> _WHAT NEEDS TO BE DONE_
The records below must be transcribed exactly.

Top of DATA FOR PROCESSING

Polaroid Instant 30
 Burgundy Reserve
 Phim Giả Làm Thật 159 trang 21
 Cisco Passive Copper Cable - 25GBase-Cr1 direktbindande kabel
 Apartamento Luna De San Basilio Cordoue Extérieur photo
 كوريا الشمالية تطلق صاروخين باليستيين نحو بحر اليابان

Bottom of DATA FOR PROCESSING

> _SOLUTION TO THE PROBLEM_
Polaroid Instant 30
 Burgundy Reserve
 Phim Giả Làm Thật 159 trang 21
 Cisco Passive Copper Cable - 25GBase-Cr1 direktbindande kabel
 Apartamento Luna De San Basilio Cordoue Extérieur photo
 كوريا الشمالية تطلق صاروخين باليستيين نحو بحر اليابان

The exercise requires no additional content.